Last updated on: July 9, 2019, 11:01h.
By a 7-5 vote, the District of Columbia Council approved a controversial sole-source contract with Intralot that will allow the Greek gaming company to manage the District’s online sports betting application for the next five years.
Intralot, which also manages the DC Lottery, will receive up to $215 million, according to the resolution. However, the debate about the contract was as contentious as the vote was close.
Opponents of the measure cited conflict of interest concerns between Councilman Jack Evans and numerous subcontractors Intralot has selected to help execute the contract.

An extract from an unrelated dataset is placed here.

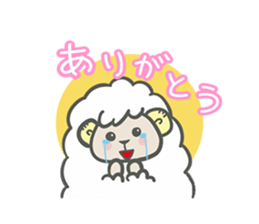 My Little Sheep Ver.2 sticker #8938145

Several council members asked Evans to recuse himself from voting because of those ties. However, he declined and cast the seventh affirmative vote.
Those against the measure also questioned the need to go with a single-source procurement when a competitive bid process for the contract likely would have resulted in better terms for the city.
“First, we were told that it was imperative that we act with haste because Maryland and Virginia were going to get the jump on us, but we know now that’s not the case,” said Councilwoman Mary Cheh. “Second, we were told that we would generate a substantial amount of revenue, but that has also proved to be not the case.”
Initial reports estimated the revenue generated would have been about $35 million annually, but now those figures have been pared down to about $19 million.
Lottery officials, who will oversee sports betting in DC, has said the online platform should be running by January. In the meantime, retail sportsbooks, including those allowed in Washington’s four major sports venues, could open by this fall.
Chairman: Delay Very Costly
Council Chairman Phil Mendelson dismissed the concerns about any conflicts, saying the subcontractors were chosen by Intralot at their discretion and the District has no relationship with them and cannot remove them from the contract.
Further, Mendelson warned that voting down the contract would lead to a substantial delay in starting online sports betting in Washington. That delay would be very costly to the District.
“There is no question… if we turn this down, there will be another two years, some have said three years, before we will have a contract in place,” he said. “Because of the contracting process and because with a contract of this size, we know there will be a protest filed with the contract appeals board.”
Councilman Robert White, who had been seen as the swing vote in the matter, said Tuesday that he opted to vote for the contract because a competitive bid process would have produced some of the same concerns about subcontractors.
Evans Stripped of Key Post
While Evans, who was the leading proponent of sports betting on the Council, ended up getting a victory by getting the measure passed, the meeting did not go well for him. Earlier in the session, the Council ended up stripping him of his influential post as finance committee chairman.
Initially, it appeared Evans, a 28-year councilman currently under a federal investigation for ethics allegations, would remain in that spot after the body deadlocked on a measure to remove him from all assignments. However, shortly after that vote, the council voted to disband the committee.
The body also elected to hire an independent counsel to determine if Evans used his council seat for his benefit or his clients’ benefit.